METHODOLOGICAL REVIEW - how all prior studies were done

THEORETICAL REVIEW - looks at how the results of studies in the topic area were interpreted, what theoretical frames were used to inform the study and what implications were drawn.

WRITING THE LITERATURE REVIEW

With each article/book there should be a) Complete bibliographic reference; b) Introduction; c) Critical Review of Articles; (your opinions); d) Brief Summary of Major Themes of Articles; e) Relationship of Review of Literature to Your Research; f) Classify and code articles according to some system. Key words help.; G) Check the bibliography given at the end of each article. Existing bibliographies are excellent sources of additional articles.

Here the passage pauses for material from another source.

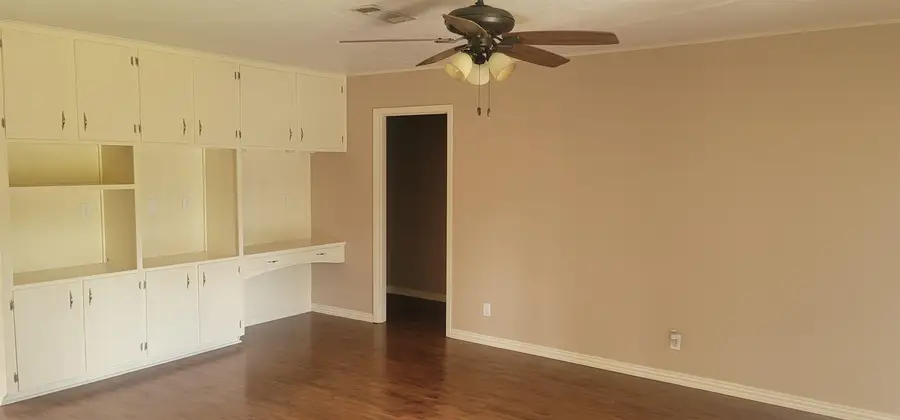 4020 Hale, Vidor, TX 77662-0000 - #3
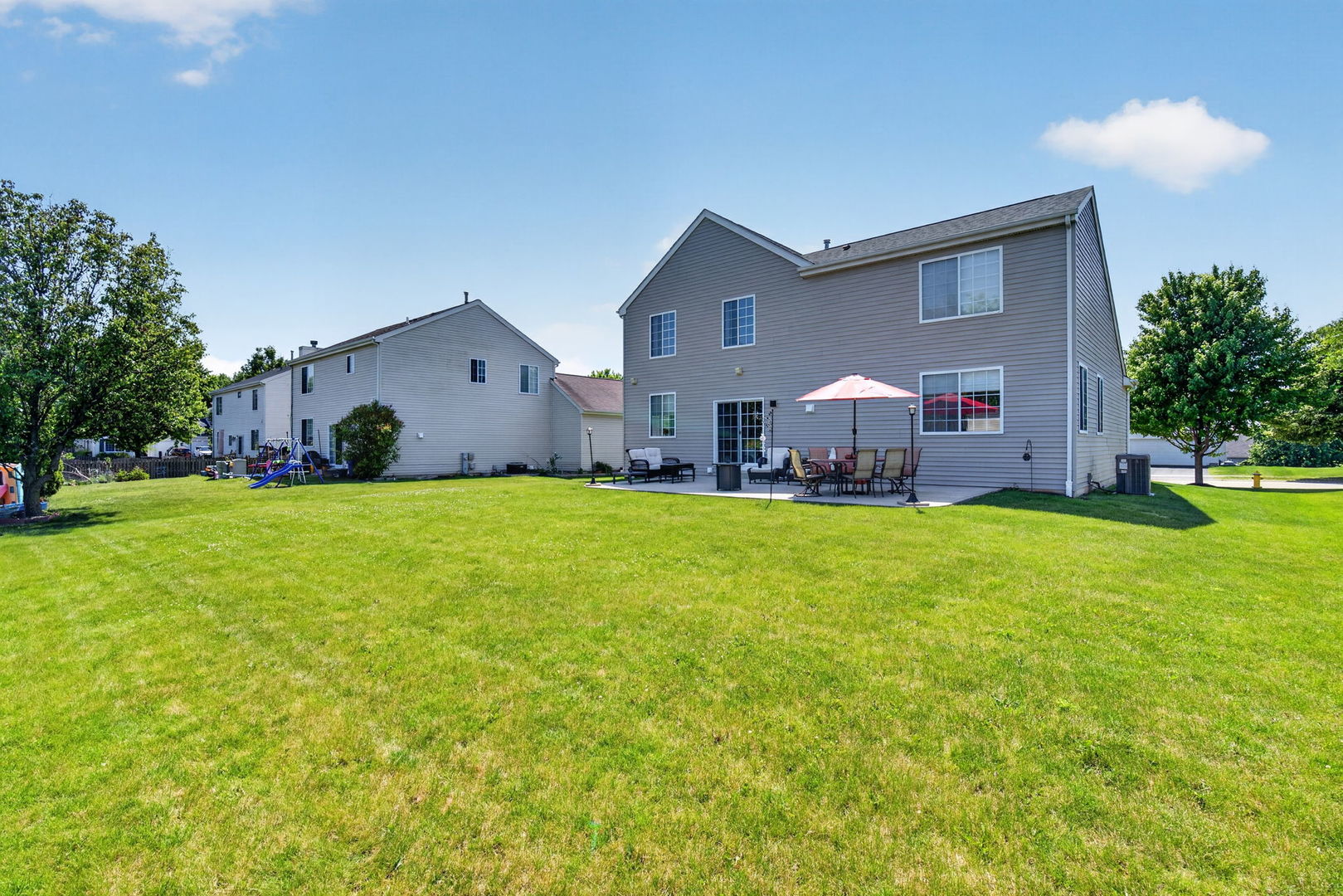 704 Camden Drive, Minooka, IL 60447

Be sure to have summaries and transitions between each section of your proposal to explain how that section relates to your research question/ and to explain how the sections relate to each other in terms of your research question.

Make a list of key words (search terms/descriptors) that relate to the topic you have chosen. For purposes of this class, try to limit the articles you will reviews to the last five years.

LIMITATIONS: Need to define limitations of study -; what can't be done and why; what is perceived problems and why

what is perceived biases and why; Define according to topic, to theory and to methodology

TECHNOLOGY - COMPUTERS: store data and files. search for data. assist with coding of data and collating of data.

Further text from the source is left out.